▸ EXERCISE OBJECTIVE
Once you reach the line that holds "Mineral Red Ankle-Length" in the listing below, output it and every line after it through the line that holds "BMW 330 vaihtoauto", word for word.

▸ SUPPLIED DATA
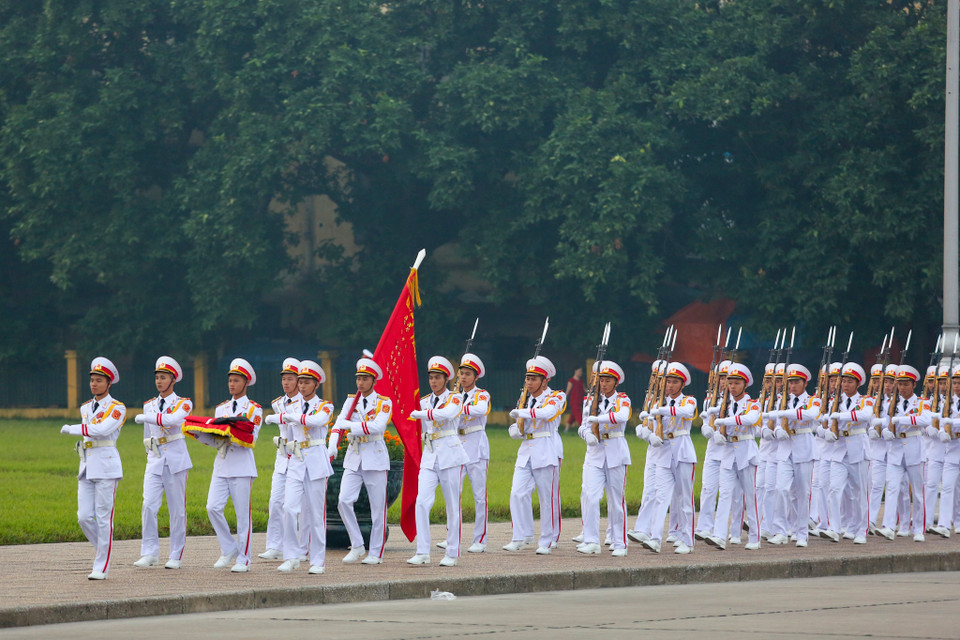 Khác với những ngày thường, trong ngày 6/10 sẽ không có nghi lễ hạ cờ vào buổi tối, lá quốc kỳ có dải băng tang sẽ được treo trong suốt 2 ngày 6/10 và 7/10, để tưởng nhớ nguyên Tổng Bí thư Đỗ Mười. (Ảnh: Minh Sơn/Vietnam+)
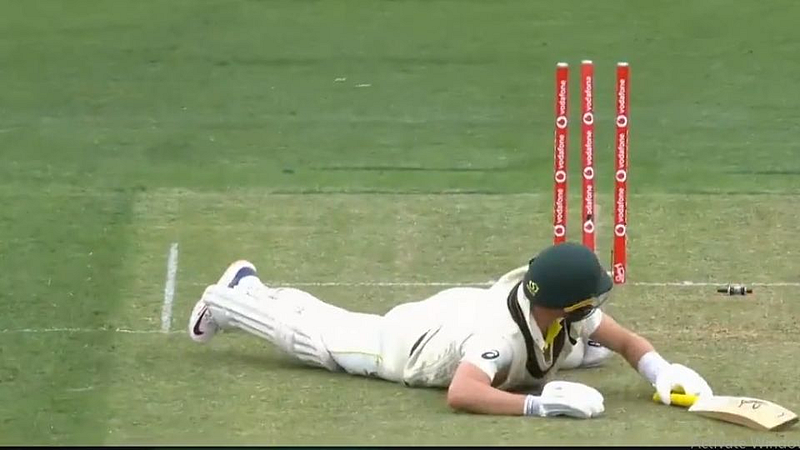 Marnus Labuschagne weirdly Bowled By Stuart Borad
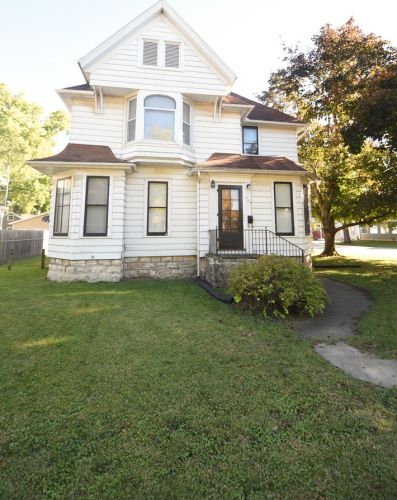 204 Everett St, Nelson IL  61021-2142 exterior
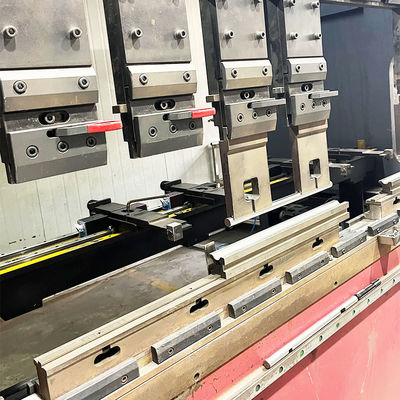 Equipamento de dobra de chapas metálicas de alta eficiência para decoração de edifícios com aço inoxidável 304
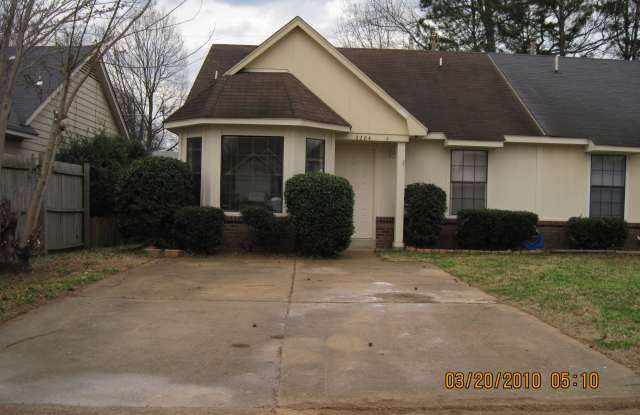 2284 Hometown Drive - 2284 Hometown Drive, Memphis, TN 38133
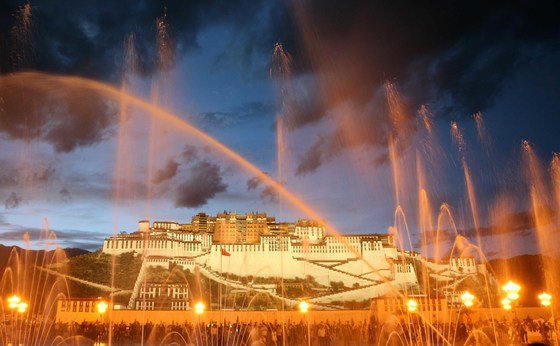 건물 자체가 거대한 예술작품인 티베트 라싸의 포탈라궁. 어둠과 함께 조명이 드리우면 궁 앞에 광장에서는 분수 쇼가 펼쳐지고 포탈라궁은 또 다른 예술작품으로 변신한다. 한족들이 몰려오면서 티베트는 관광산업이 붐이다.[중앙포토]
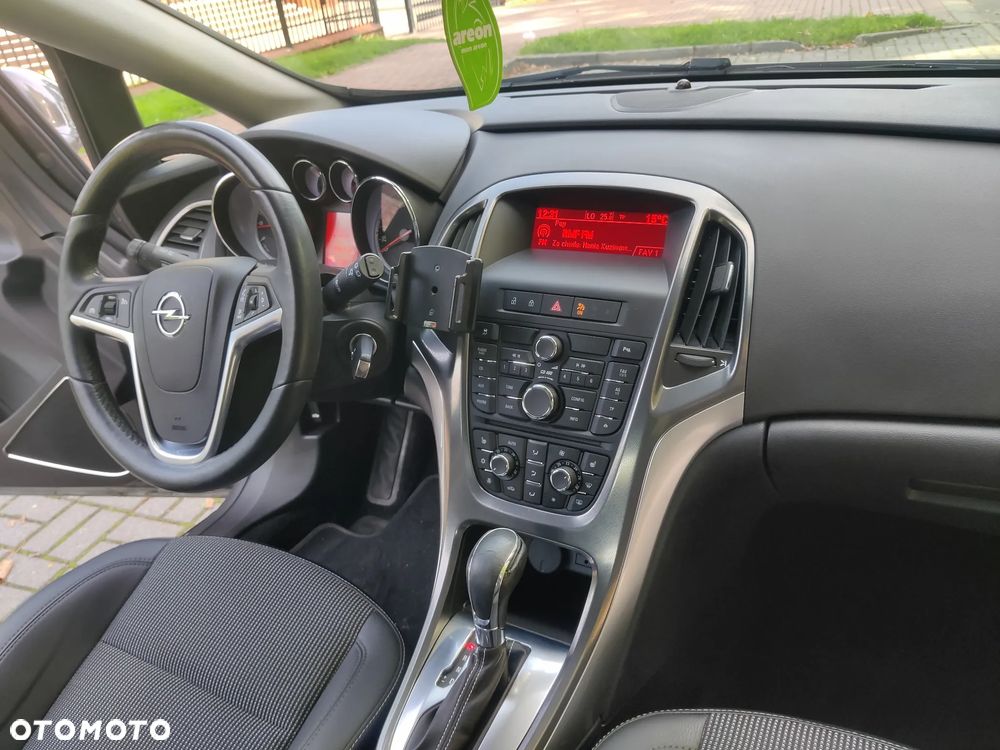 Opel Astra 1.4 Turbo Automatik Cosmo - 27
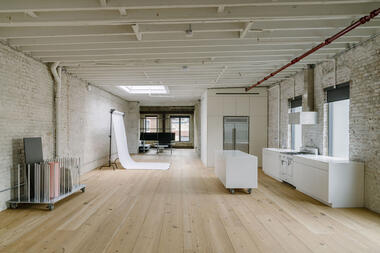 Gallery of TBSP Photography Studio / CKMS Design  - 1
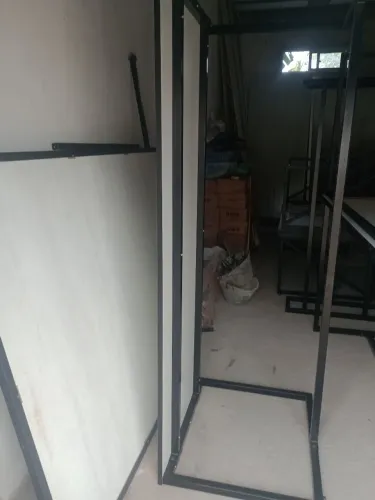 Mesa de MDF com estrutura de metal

...

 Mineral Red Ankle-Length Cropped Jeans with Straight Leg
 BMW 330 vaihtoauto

▸ COMPLETED EXERCISE
 Mineral Red Ankle-Length Cropped Jeans with Straight Leg
 BMW 330 vaihtoauto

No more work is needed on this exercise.